Most people find their life partner in a social setting or through work. Others set about finding the perfect mate through dating agencies or online.
However you go about it, when you finally meet that special person it may be love at first sight or it may simply be a case of being consumed by lust. If you’re lucky enough to have those feelings reciprocated then the adventure begins, but how long will it last?
A potential partner is often so alluring that the smitten person is blind to any character defects, will commit themselves emotionally and then realise later on that they’ve made the wrong choice.
“Now, just hold on a second here, Mark” I hear you all say, “What the hell has all this got to do with my future law career?”
It has a lot to do with your future legal career, so listen up because I’m supposed to be preparing for an intellectual property exam here but instead I’m writing this down for your benefit, OK?
I got a job recently. I was really pleased about it because it meant that I could fund my way through the remainder of my part-time LPC. It’s even in a law-related area (personal injury). When I saw the job advertised I wanted it. It looked perfect. I imagined all the experience I would gain and how it would help my fledgling law career. I visualised all the useful contacts I would make. In short I imagined something quite wonderful.
The reality, of course, was that as soon as I was in, I wanted to get out. However in the greater scheme of things, it’s no big deal. I will leave at some point to start a training contract.
Which brings me to the point (eventually). Legal recruiters take a huge risk in choosing the right trainees, no matter how rigorous their recruitment process, they can never be sure that the huge investment in time and training will pay off for every trainee producing for them a solicitor who will enhance their firm.

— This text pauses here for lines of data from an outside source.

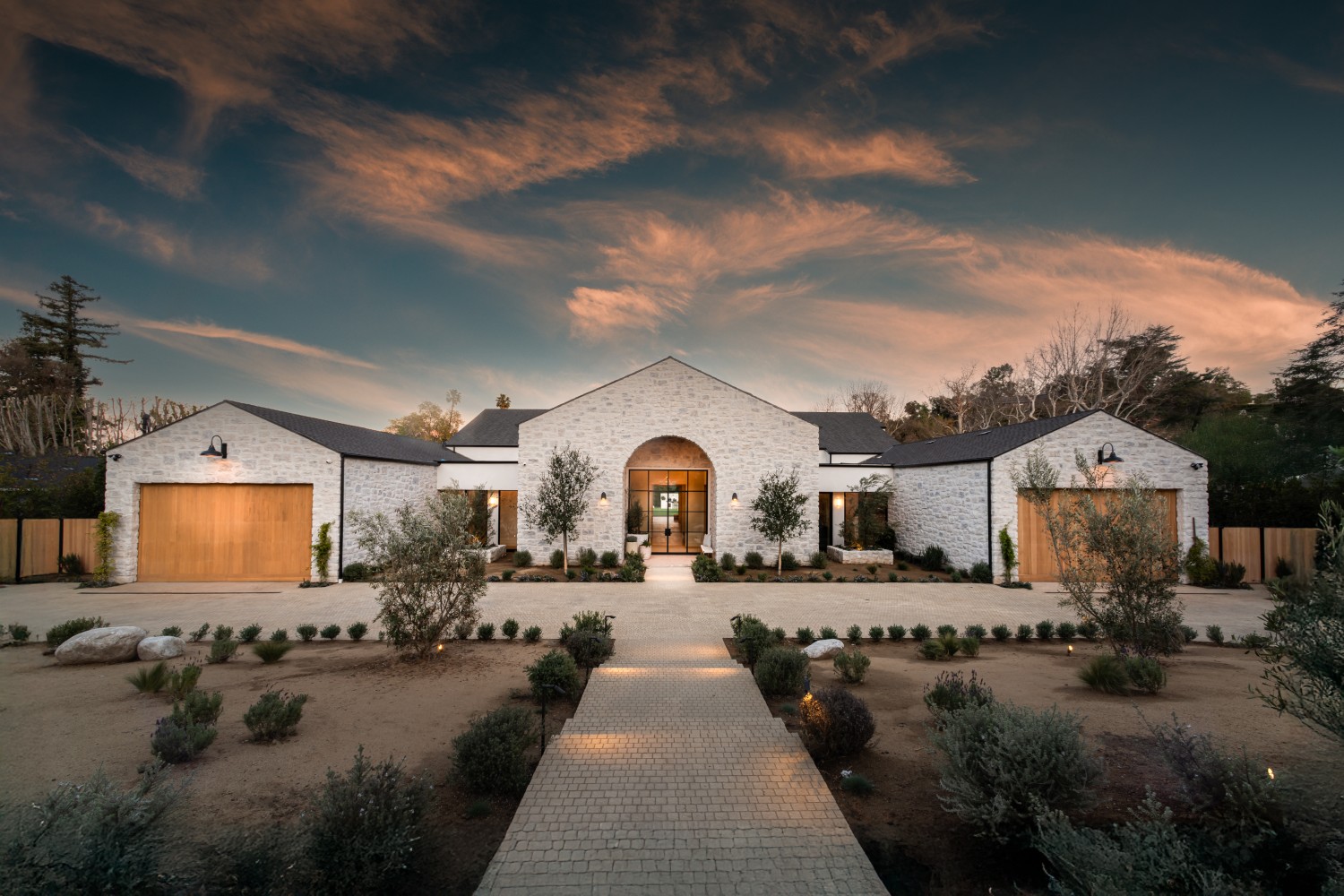 Elfyer - Encino, CA House - For Sale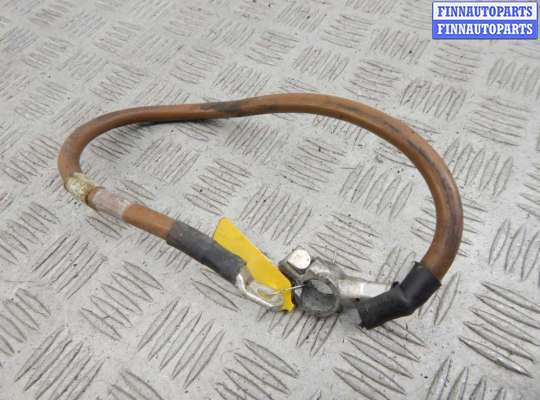Кабель силовой в сборе VG2517715 на VOLKSWAGEN CRAFTER 1 (2006-2011)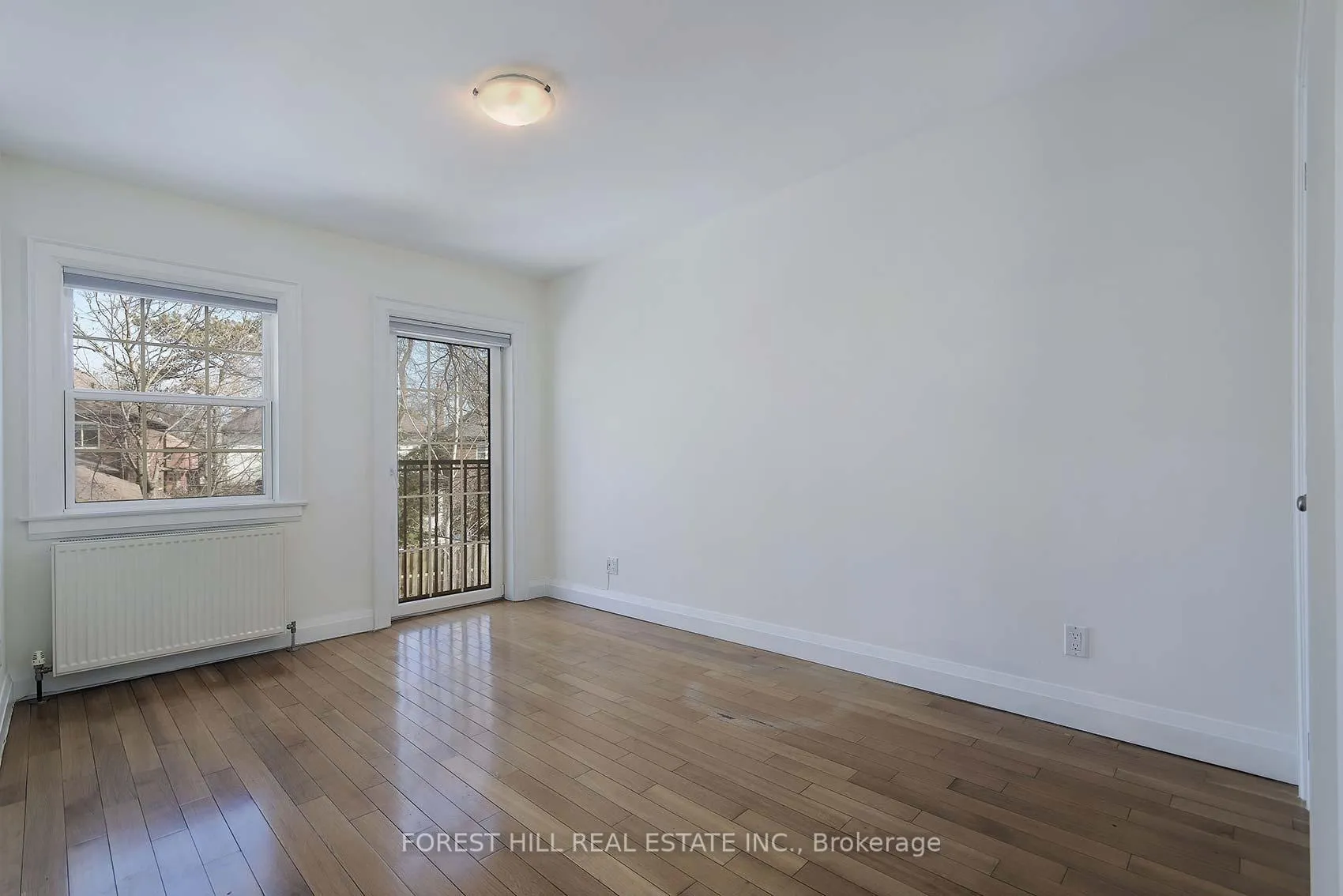 Photo 28 of 17 Duncannon Drive, Toronto, Forest Hill South — HOMEH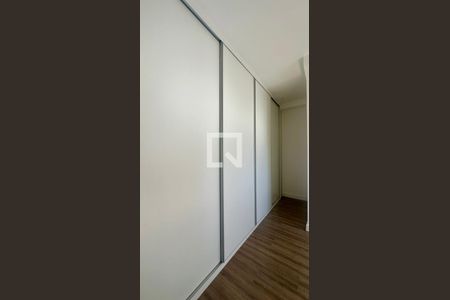 Suíte  de apartamento para alugar com 3 quartos, 116m² em Funcionários, Belo Horizonte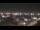 Webcam in El Paso, Texas, 7.1 mi away
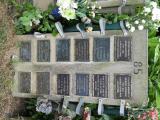 image of grave number 792027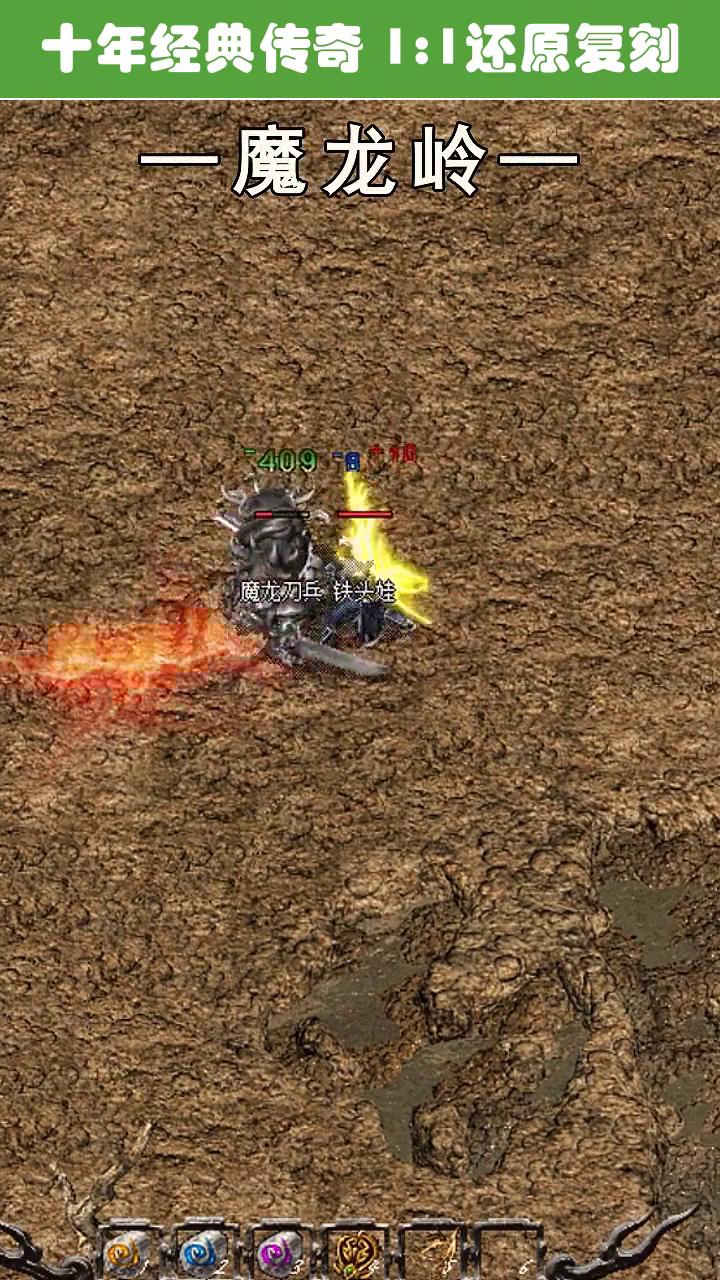 ����֮���ٷ���v1.0.5��ͼ1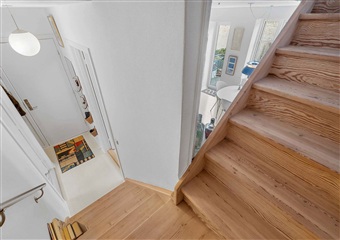 Photo 12. Apartment, Priorgade, Aalborg 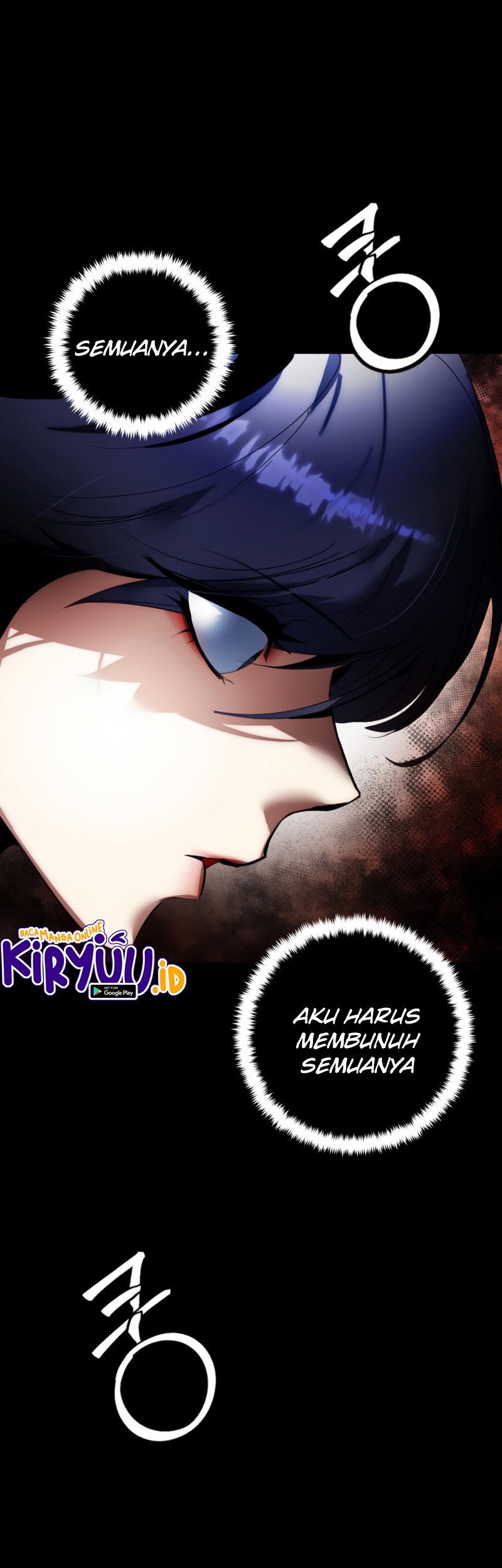 Manhwa Return to Player Chapter 92 gambar 2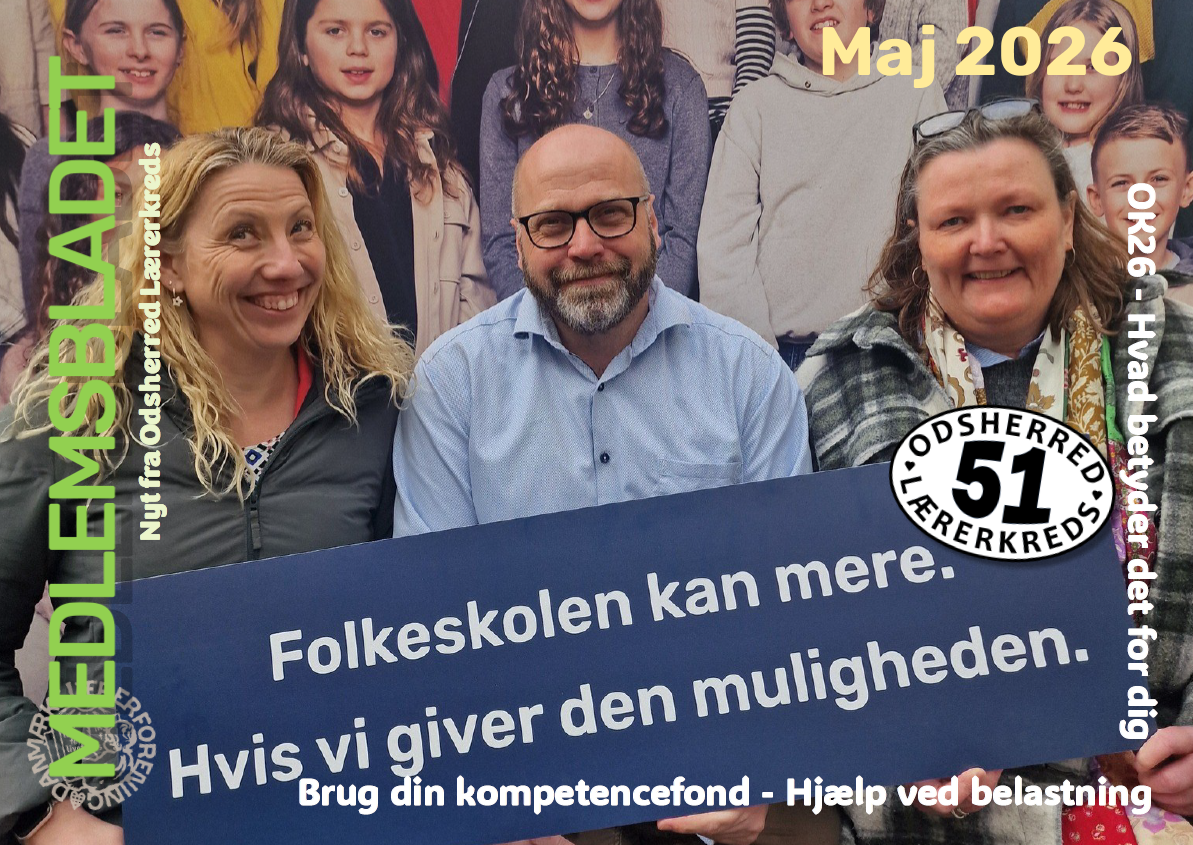 Skærmbillede 2026 05 13 131646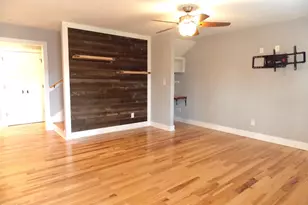 202 Lincoln Ct, Raleigh, NC 27610 - Photo 8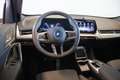 BMW iX1 xDrive30 Launch Edition 67 kWh | M Sportpakket | E Gris - thumbnail 10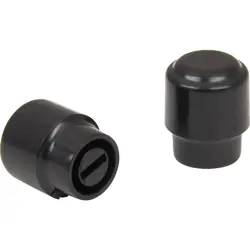 FENDER ORIGINAL TELECASTER SWITCH TIPS (2)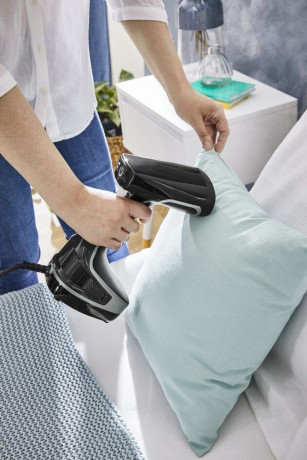 Tefal Tefal Dampfburste Acces Steam Force DT8270 Dampfburste  Паровая щетка Tefal Паровая щетка Acces Steam Force DT8270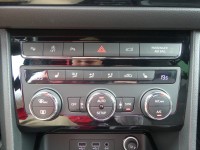 Seat Ateca 1.4 TSI Xcellence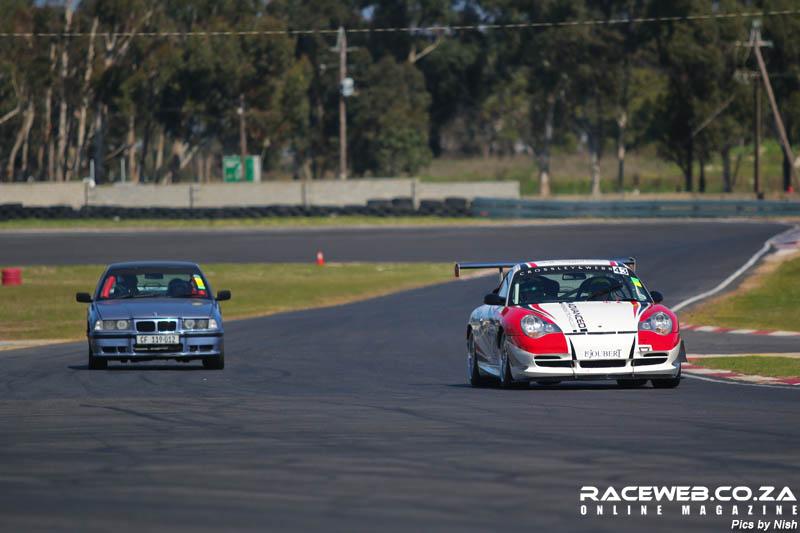 Track-Day-22-Aug-2015_117
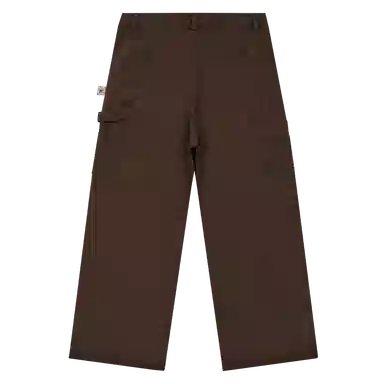 BELLKENIDEA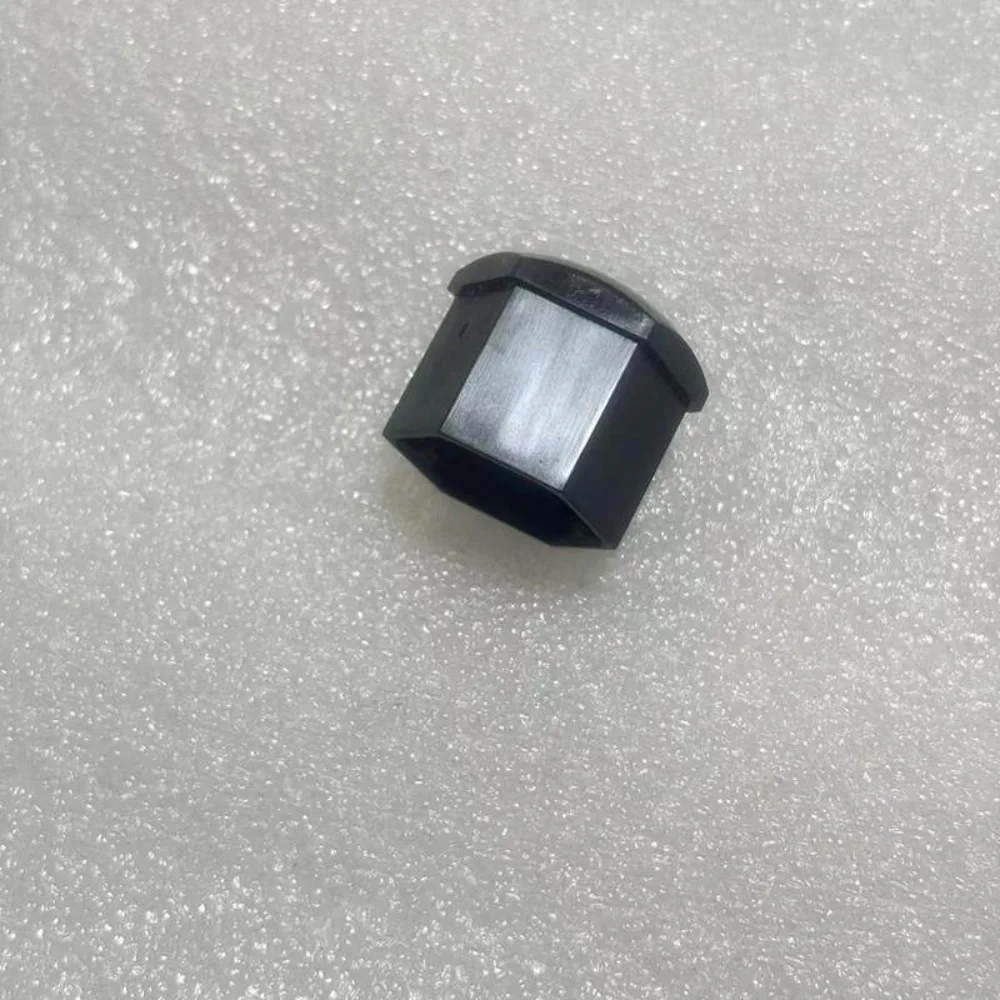 For MG MG4EV MULAN 2019 MG6 5 7 EMG6 CYBERSTER OEN ES5 for RISING AUTO R7 F7 for Roewe D5 D7EV/DMH New I5 RX5 ERX5Tire Screw Cap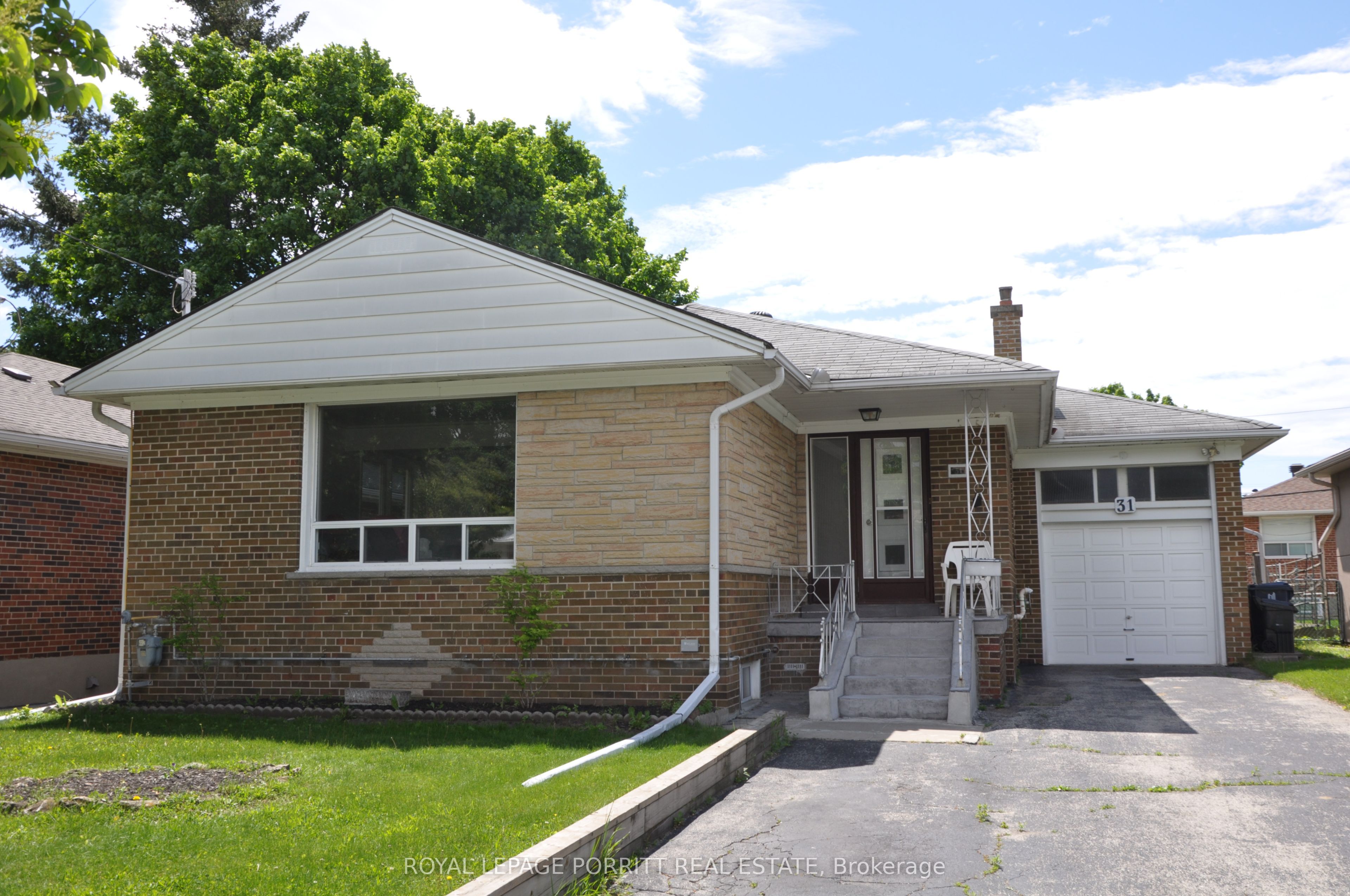 31 Badger Drive Property Photo 1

There are many people I know on the LPC who are applying to all and sundry in the hope that someone, somewhere will give them a training contract. Is this wise? Apart from the fact that it’s very difficult to convince a firm that you really want to train and work with them when you’ve applied to another 100 firms. What applicants should also consider is just how galling would it be to land a training contract, only to hate the firm, hate the seats in which they work and find that the work life balance is all wrong.
Some people say “well at least it will get you qualified.” Certainly there is merit in that argument but are you doing the firm or yourself any favours in the long run?
I would argue that it is wiser to do your research and decide on a shortlist of five or six firms that you can really see yourself fitting into. If you do you will also find that you’re more likely to get an interview in the first place.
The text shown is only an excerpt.